I guess the analogy would be if a brand forbade a retailers from revealing their margins, so customers don’t go to secondary markets and potentially/almost-certainly have a worse experience. Like counterfeit products or just in general to be subjected to dark patterns.

As far as my personal opinion regarding this I am completely fine with it. I think they’ve created something remarkable in the sense that everyday people are starting to pay for software, because they’ve created a valuable ecosystem. Sometimes I think we forget that in the past everyday people wouldn’t really pay for digital products in the same way they’d pay for physical ones. The one thing I’d say though is that maybe the 30% is high, but given they have the small business program that argument is mostly gone.

Any way now I’m rambling but that’s my best attempt to honestly explain why they do that.


30% is not just for apps but all digital content like Spotify. Now if we see a future where Apple wins and dominates: everyone creating digital content for a living will pay a 30% tax to Apple. Forever including your grandchildren. Now lets take it a step further and think a world where all services like cleaning are bought with Apple products. Everyone will pay a 30% tax to Apple, forever. The thing is, that we cant allow an exception, as we would be allowing the rest of it. Then there's the other side that they make the rules. So for an example if an apple employee makes a mistake and bans your business from the store, you have no way to appeal. Unless you are big enough like Epic.

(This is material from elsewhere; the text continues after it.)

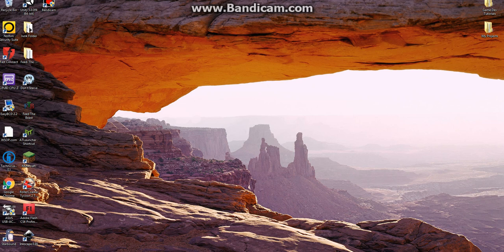Hello everyone, and welcome to part one of how to make a point and shoot game in Unity.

If Apple wins in court and then in markets, we truly have Orwellian reality.


Netflix has shown that they can make bank[0] even after pulling their subscription from Apple's platform[1]. Your entire comment doesn't really add anything since it's all plain-as-day information - Apple's 30% cut is effectively revenue they get for creating the iOS devices, so yes, as long as they continue to sell product, they're going to continue to require 30% of digital content revenue is pocketed as profit.

0: https://www.latimes.com/entertainment-arts/business/story/20...

1: https://techcrunch.com/2018/12/31/netflix-stops-paying-the-a...


The point is, that it's not a static situation, but can get worse. I don't know what you are doing, but we are a normal SaaS company. The current situation is that we can pretty much avoid problems with Apple and Google like Netflix is doing.

But if FAANG are allowed to go rampant, eventually they will grapple us like they have done for the game industry. And it will not end with us, they will continue to expand their umbrella until there is regulation.

OR - our kids will live in a world where FAANG gets 30% of all transactions and it will look like CP2077. If we don't get regulation, we can all just sell our current businesses and buy FAANG stock.

And I'm not happy with the current situation. I think game industry too deserves to be free of the tax and FAANG administered regulation.

Think about the regulation in the shoes of a business owner. Apple decides if you can make business - they can make a fair sounding rule, but your business is affected by weird chance or by Apple employee mistake. The business you built, the one with all the good intentions and the users in the center, disappears.